WHAT IS EXPECTED> Please copy out the lines in the entries that contain "Pattern".

Records from a dataset:
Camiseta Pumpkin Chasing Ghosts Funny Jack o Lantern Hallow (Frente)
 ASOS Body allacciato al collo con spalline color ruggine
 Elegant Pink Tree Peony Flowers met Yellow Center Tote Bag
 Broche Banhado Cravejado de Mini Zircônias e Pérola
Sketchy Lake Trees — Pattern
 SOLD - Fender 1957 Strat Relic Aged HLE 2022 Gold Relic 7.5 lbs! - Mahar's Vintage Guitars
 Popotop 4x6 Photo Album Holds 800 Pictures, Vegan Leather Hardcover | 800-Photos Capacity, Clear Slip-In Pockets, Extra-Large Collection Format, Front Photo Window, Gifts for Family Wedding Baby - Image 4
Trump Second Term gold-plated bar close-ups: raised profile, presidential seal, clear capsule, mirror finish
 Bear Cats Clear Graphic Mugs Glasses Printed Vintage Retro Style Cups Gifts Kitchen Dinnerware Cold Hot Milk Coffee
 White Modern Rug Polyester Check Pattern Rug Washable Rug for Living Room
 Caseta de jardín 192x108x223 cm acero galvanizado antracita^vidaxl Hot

WRITTEN RESPONSE>
Sketchy Lake Trees — Pattern
 White Modern Rug Polyester Check Pattern Rug Washable Rug for Living Room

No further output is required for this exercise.